__EXERCISE INPUT__:
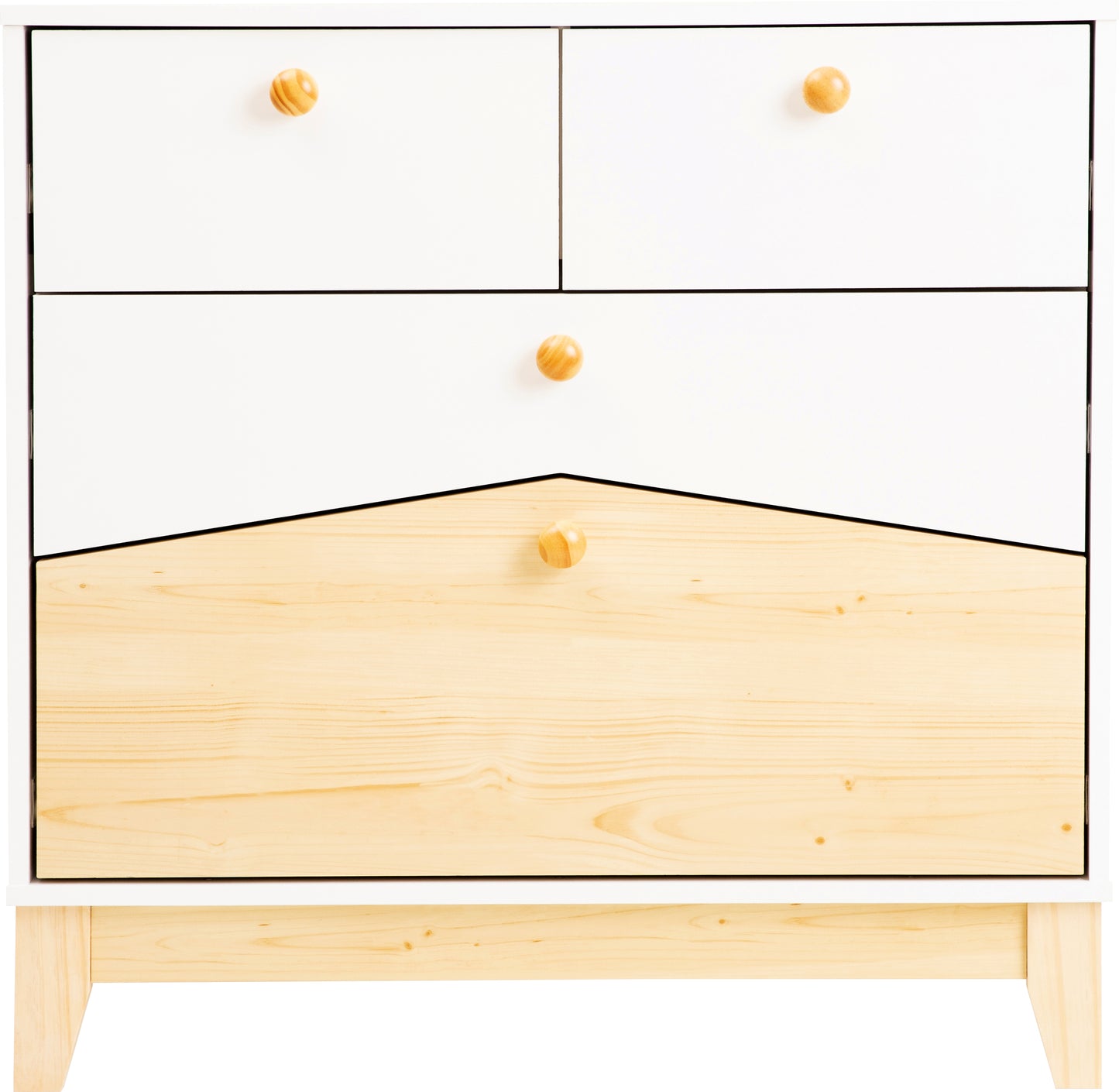 CODY 2+2 DRAWER CHEST - WHITE/PINE EFFECT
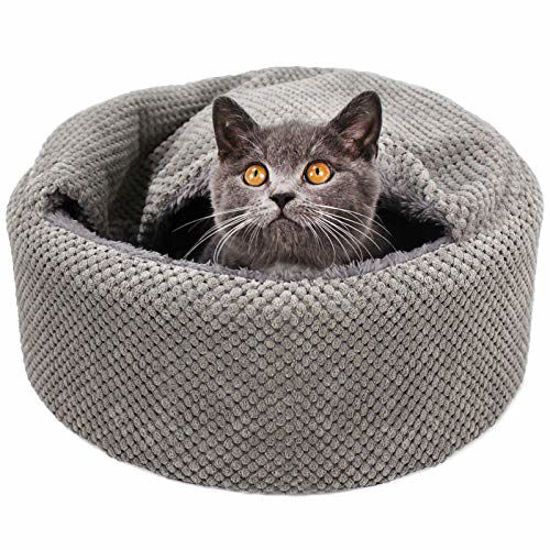 Picture of Winsterch Washable Warming Cat Bed House, Round Soft Cat Beds,Pet Sofa Kitten Bed, Small Pet Cave Beds (Gray)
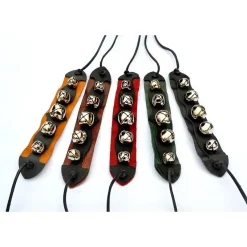 Bracelet En Cuir Avec Cloches D'argent, Brun Clair -Promos Halloween Boutique bracelet en cuir avec cloches dargent brun clair 1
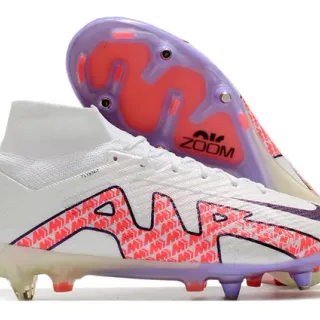 Nike Mercurial Superfly White Pink Purple Firm-Ground Soccer Shoes
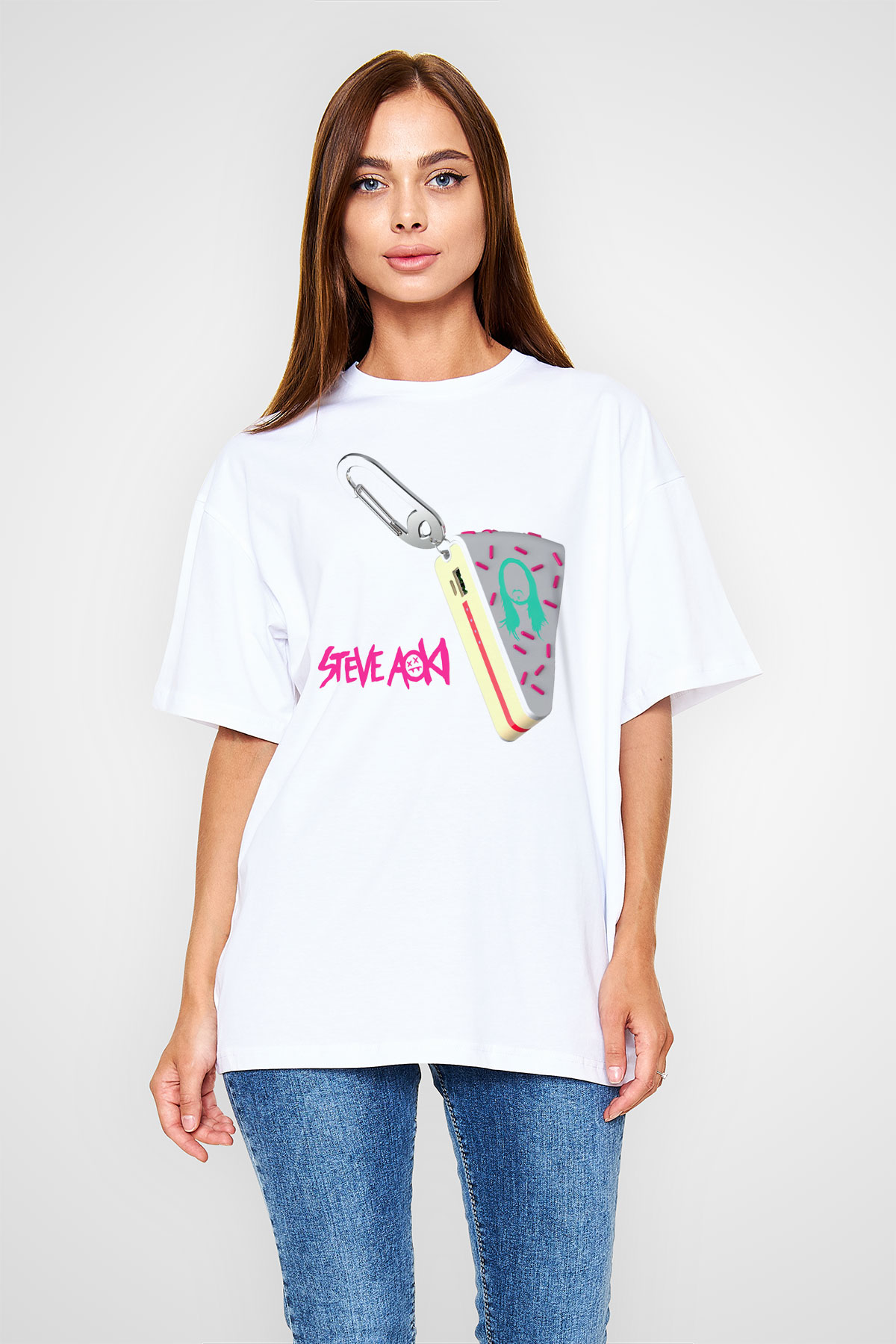 Steve Aoki Beyaz Unisex Oversize Tişört T-Shirt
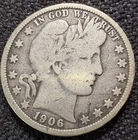 1906D Barber Liberty Head Half Dollar 90% Silver Classic American Coin FS KM116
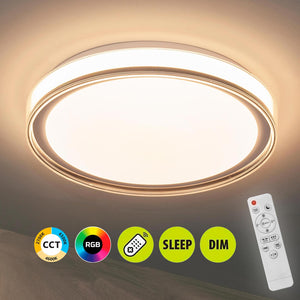 PLEADA Plafoniera LED 36W RGB CCT elegante lampada tonda soffitto parete luce colorata dimmerabile cucina camera letto telecomando 230V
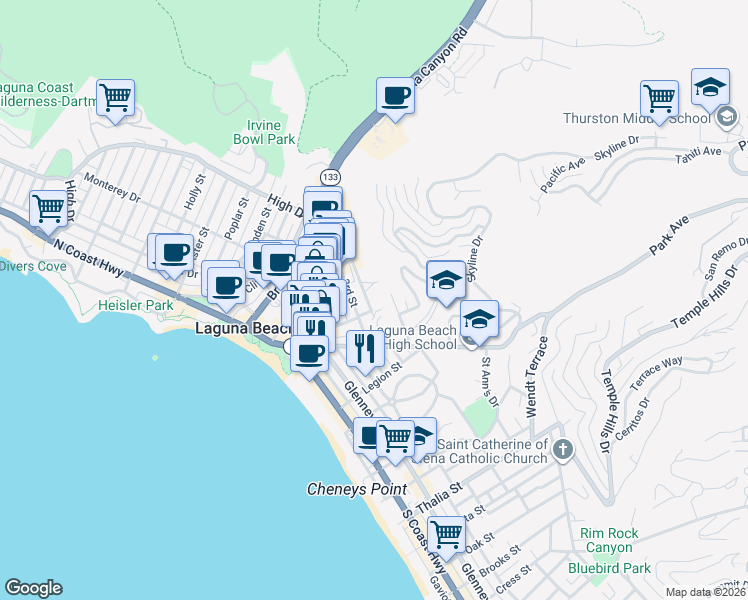 map of restaurants, bars, coffee shops, grocery stores, and more near 384 Loma Terrace in Laguna Beach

__EXERCISE AIM__: Output all of the records exactly as they appear above, but not the pictures.

__ANSWER SPACE__:
 CODY 2+2 DRAWER CHEST - WHITE/PINE EFFECT
 Picture of Winsterch Washable Warming Cat Bed House, Round Soft Cat Beds,Pet Sofa Kitten Bed, Small Pet Cave Beds (Gray)
 Bracelet En Cuir Avec Cloches D'argent, Brun Clair -Promos Halloween Boutique bracelet en cuir avec cloches dargent brun clair 1
 Nike Mercurial Superfly White Pink Purple Firm-Ground Soccer Shoes
 Steve Aoki Beyaz Unisex Oversize Tişört T-Shirt
 1906D Barber Liberty Head Half Dollar 90% Silver Classic American Coin FS KM116
 PLEADA Plafoniera LED 36W RGB CCT elegante lampada tonda soffitto parete luce colorata dimmerabile cucina camera letto telecomando 230V
 map of restaurants, bars, coffee shops, grocery stores, and more near 384 Loma Terrace in Laguna Beach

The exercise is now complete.